GitHub Actions¶
GitHub Actions are automation scripts that can be configured to run in response to triggered events in online GitHub repositories.
A wide range of triggering events are available, including manual triggering, push and pull requests, releases, issue related events, and schedule based cron
triggers.
whilst actions can be constructed from scratch, a wide range of predefined, and free, third party actions are available on the GitHub Marketplace. These can be combined with your own action scripts or commands to define an automated workflow.
For example, an off-the-shelf action might be used to identify whether files of a particular type have been modified in a particular push or pull request, before deciding whether to run the rest of the action. This can be useful if you want to limit an action to only run if .ipynb
notebook documents have been recently modified.
In this section, we will review how GitHub Actions as part of a notebook quality process, as well as part of an automated notebook release process.
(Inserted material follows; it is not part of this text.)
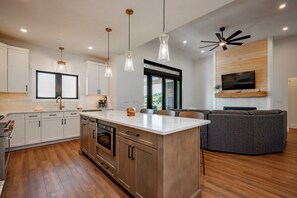 A modern kitchen with a central island, stainless steel appliances, and pendant lighting. - New! Luxurious Lake Access Getaway w/ Indoor Pool (Swanton)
A variety of examples will demonstrate:
how to manually trigger an action;
how to define an action to run inside a pre-defined, Docker containerised environment;
how to trigger actions against push event and pull requests;
how to run commands only over changed files.
In terms of automated behaviours, this section will cover:
automated spell-checking;
automated notebook testing using
nbval
;automated notebook and markdown paired document synchronisation using
jupytext
.
Manually Triggering Spell-Checking Actions and Generating Downloadable Action Artefacts¶
Let’s start with a simple example of a manually triggered action.
Such an action might be used to trigger a spell checker, for example, that is run over all files, or a specified collection of files, in a repository
In the following example, the action can be started from the Actions page of a GitHub repository by a user with appropriate permissions on the repository.
Show GitHub Action: manual spell check
Manual action to spellcheck all files using pyspelling
.
name: spelling-full-test
# First we define the Action trigger
on:
# In this case, we define a manual trigger (workflow_dispatch)
workflow_dispatch
# Define one or more jobs to run via the action
jobs:
# Set a job name
spelling-full-demo:
# Define the base os that will run the action
runs-on: ubuntu-latest
# The job will include one or more steps
steps:
# We need to get some files to work on...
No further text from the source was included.